Kesulitan belajar berpengaruh besar pada kehidupan seseorang. Studi mengungkapkan penanganan dini dan intensif membantu meringankan masalahnya. Cermati tanda-tandanya
pada anak Anda agar segera tertangani.

Setiap anak tumbuh dan berkembang berbeda-beda. Ada yang cepat menangkap informasi, ada yang lambat. Ketika stimulasi tak mampu membantu anak mengatasi kesulitan belajar atau learning difficulties/disabilities (LD), Anda perlu waspada! Sebab, di negara maju, ditemukan gangguan kesulitan belajar mengintai 5 – 15 persen anak dari jumlah populasi.

Terkadang tak terdeteksi

Pada awalnya, sebut saja Sendi, tak mengira masalah yang dihadapinya berkenaan dengan disleksia (salah satu gangguan dalam LD , lihat boks : . Beberapa Gangguan dalam Kesulitan Belajar). Sampai suatu saat ia disadarkan oleh teman-teman kerjanya bahwa selalu saja yang ia ungkapkan atau ekspresikan berbeda dibanding informasi (baik tertulis maupun lisan) yang seharusnya ia tangkap.
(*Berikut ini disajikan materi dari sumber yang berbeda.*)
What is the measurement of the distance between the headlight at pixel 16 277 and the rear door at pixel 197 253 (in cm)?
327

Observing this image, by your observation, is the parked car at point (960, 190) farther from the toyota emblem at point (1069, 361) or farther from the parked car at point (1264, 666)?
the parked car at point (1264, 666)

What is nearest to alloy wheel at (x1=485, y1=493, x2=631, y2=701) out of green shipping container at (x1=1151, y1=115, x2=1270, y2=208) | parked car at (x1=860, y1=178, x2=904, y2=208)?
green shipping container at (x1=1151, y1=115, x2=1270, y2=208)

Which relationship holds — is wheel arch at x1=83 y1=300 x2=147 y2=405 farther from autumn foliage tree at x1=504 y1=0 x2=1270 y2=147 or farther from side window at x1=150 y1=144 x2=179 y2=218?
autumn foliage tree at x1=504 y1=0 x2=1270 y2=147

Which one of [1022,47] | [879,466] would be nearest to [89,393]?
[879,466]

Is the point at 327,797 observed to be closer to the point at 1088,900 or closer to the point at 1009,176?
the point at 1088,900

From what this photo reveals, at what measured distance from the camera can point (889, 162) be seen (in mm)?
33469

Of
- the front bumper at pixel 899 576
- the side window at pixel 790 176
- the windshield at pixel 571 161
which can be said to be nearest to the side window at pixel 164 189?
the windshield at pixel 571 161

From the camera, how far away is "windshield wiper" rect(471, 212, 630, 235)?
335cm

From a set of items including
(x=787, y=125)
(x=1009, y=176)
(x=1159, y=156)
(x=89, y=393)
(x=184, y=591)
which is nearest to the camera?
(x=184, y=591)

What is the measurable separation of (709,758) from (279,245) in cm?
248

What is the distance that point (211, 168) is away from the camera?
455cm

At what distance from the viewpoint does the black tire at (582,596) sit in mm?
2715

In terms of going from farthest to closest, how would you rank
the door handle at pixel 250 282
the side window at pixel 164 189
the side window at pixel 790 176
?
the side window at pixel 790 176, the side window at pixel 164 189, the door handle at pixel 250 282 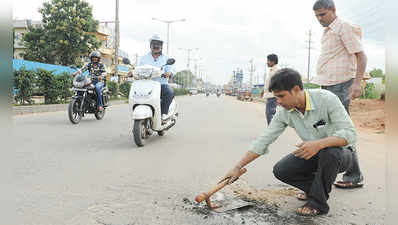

Sejak kecil Sendi memang sering ‘tidak nyambung’ dengan pelajaran yang ia peroleh dari guru. Tetapi karena tekun dan diarahkan orang tua, ia bisa mengejar pelajaran. Sampai akhirnya Sendi pun lulus kuliah dengan nilai baik, dan bekerja di sebuah lembaga nirlaba asing dengan perkembangan karir di atas rata-rata. Meski masalah demi masalah berhasil diatasinya, tanda tanya itu tetap belum terjawab, “Apa yang salah dengan diri saya?”.

Masalah yang dihadapi Sendi memang terbilang tidak terlalu parah. Seperti beberapa pesohor dunia sukses macam Tom Cruise, Whoopy Goldberg, Tommy Hilfiger dan beberapa CEO dunia yang sukses. Mereka mengalami masa-masa sulit dalam beberapa tonggak kehidupan mereka. Namun beruntung mereka tak lantas putus harapan. Namun demikian, tak banyak yang seberuntung mereka.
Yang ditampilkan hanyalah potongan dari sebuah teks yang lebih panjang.